Mas não é só a ação que é fundamental para que o objeto do desejo se manifeste. Para o yoga a prática constante deve estar em sintonia com o desapego. Ora, prática e desapego parecem duas palavras que se direcionam em sentido contrário. Mas não, são complementares no mundo do yoga. A prática contínua associada ao desapego aos seus resultados nos torna seres mais conscientes do ambiente interno e externo. Aqui a meta continua presente na nossa atitude diária ao praticar, mas não nos torna seres isolados do meio em que vivemos, não nos torna seres capazes de qualquer coisa para alcançar a meta, como muitas vezes acontece no mundo corporativista. Claro, nos tornamos seres mais seletivos e em busca de autoconhecimento, pois o caminho do yoga é para dentro e não uma atitude para nos expor e para explorar. E a exploração do yoga vai muito além da autoexposição através de fotos e vídeos de ásanas (as posturas).
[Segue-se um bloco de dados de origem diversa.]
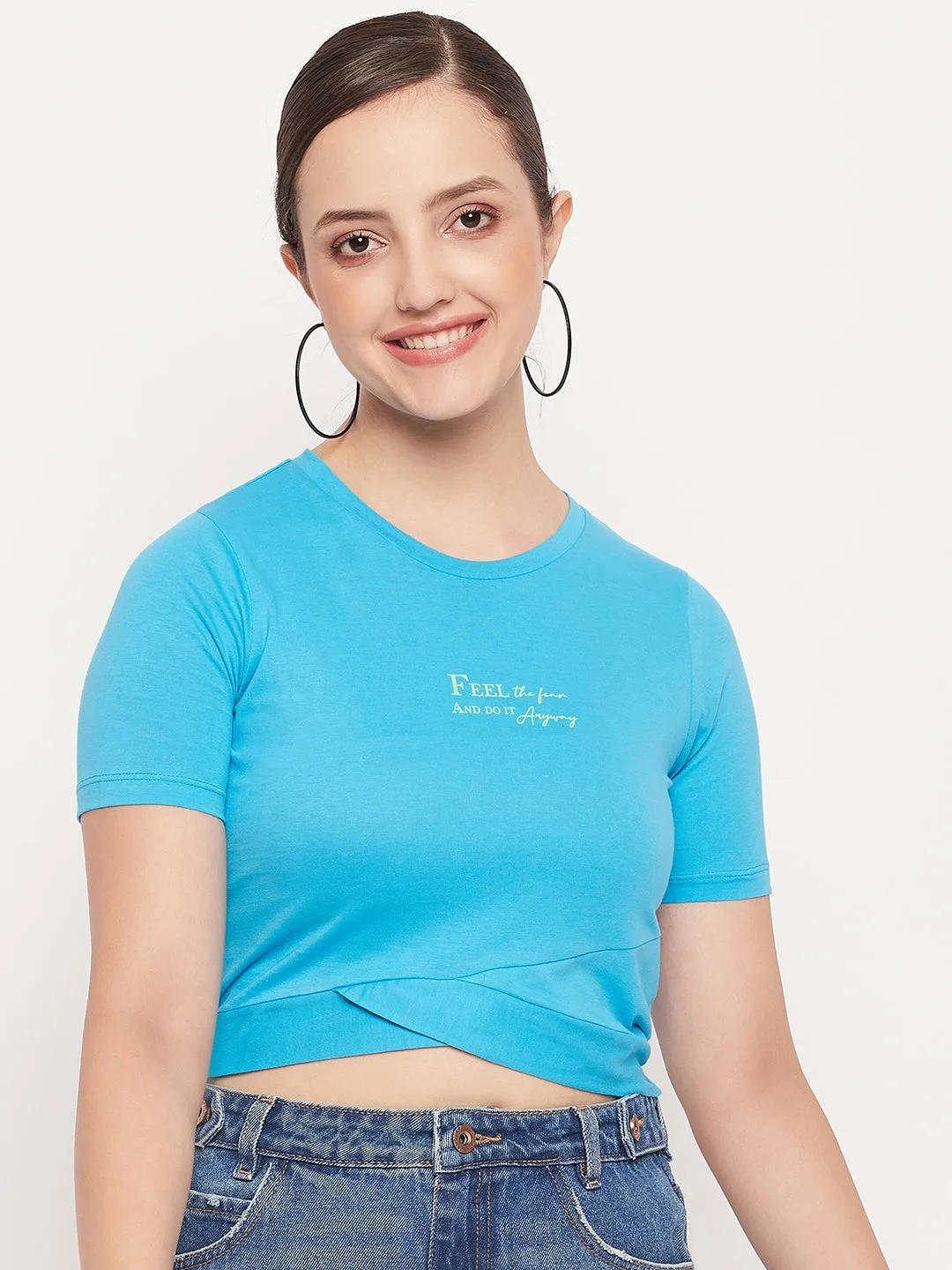 Madame Turquoise Wrap Hem  Crop Top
Os ásanas dentro do contexto da prática são uma experiência estética valiosa, nos preparando para os outros aspectos internos do yoga. E uma experiência estética é algo interno, profundo, apesar do ásana ser considerado por muitos comentadores do Yoga Sutras de Patanjali como uma das partes externas do yoga. E por isso os ásanas são utilizados para a divulgação e ilustração do yoga, muitas vezes num uso equivocado e restritivo. Infelizmente.
Quando conseguimos encontrar o equilíbrio entre a prática constante e ainda assim não nos apegamos aos resultados externos e internos que a prática nos proporciona, o caminho do yoga se abriu para nós.
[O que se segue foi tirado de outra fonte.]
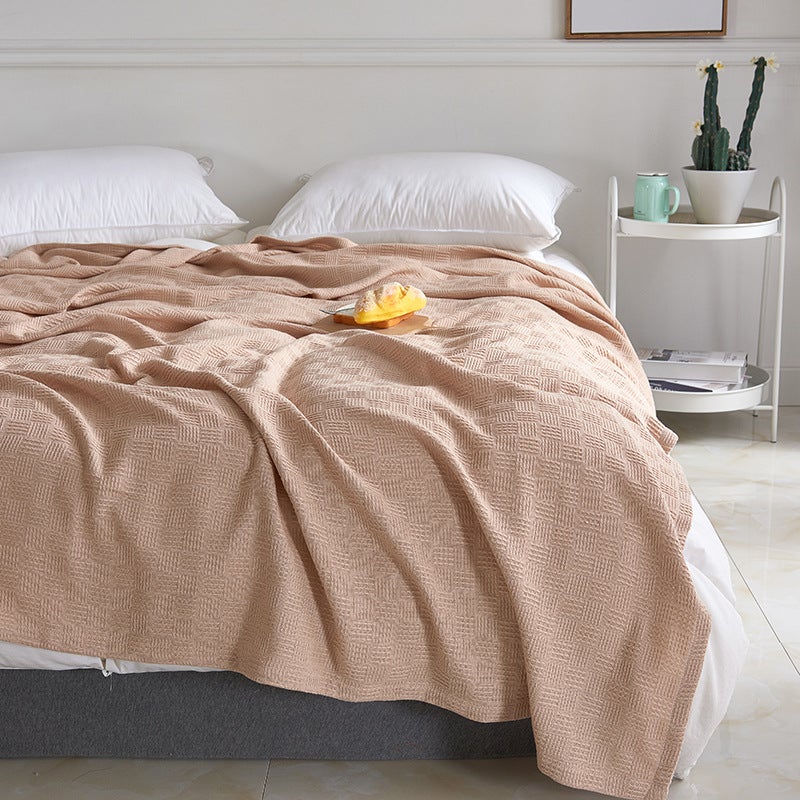 Cotton Gauze Knitted Blanket Towel Quilt Houndstooth Double-Layer Towel Quilt Nap Double Sofa Air-Conditioning Blanket Pure Cotton - Image 1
Não estamos felizes por que a avidez e a aversão fazem parte da nossa vida. Constantemente estamos desejando ou detestando alguma coisa ou alguém. Nada está perfeito, vivemos insatisfeitos com nosso corpo, nosso trabalho, nossos relacionamentos. Queremos algo que não temos e ainda assim achamos que isso é a melhor coisa a se fazer: desejar algo diferente.
E o desejo nem sempre vem com a ação correta. Atacamos geralmente a consequência e não a raiz dos problemas. Não estamos felizes por que somos identificados com os nossos adjetivos, profissões, posses, emoções. Se nos tiram a nossa carreira bem sucedida, familiares e amigos o que sobra de nós? Quem eu sou afinal? Seremos nós capazes de nos desnudarmos de todas as nossas identidades passageiras e irmos ao mais profundo de nós mesmos? Não estamos felizes porque somos apegados à vida, temos o instinto de sobrevivência inerente aos seres, logo temos medo do que pode nos acontecer: perdermos o emprego, sermos assalto, adoecermos, encontrarmo-nos solitários e também morrermos. A única certeza que temos da vida é a impermanência das coisas, que nada é eterno, nós não somos eternos. E isso nos perturba. Patanjali disse que a única maneira de não sofrermos é saber quem somos nós, para além das nossas identidades materiais, além do que gostamos ou não. E é isso o que o yoga no ensina: não confundir o transitório com o permanente, ou seja, o Si mesmo (a alma que é eterna) com o corpo, que é perene, e toda a confusão vinda do corpo e da mente como prazer e dor, pureza e impureza, bem e mal. Esse discernimento, saber o que não somos vai nos aproximando do que realmente somos. É para isso que serve o yoga.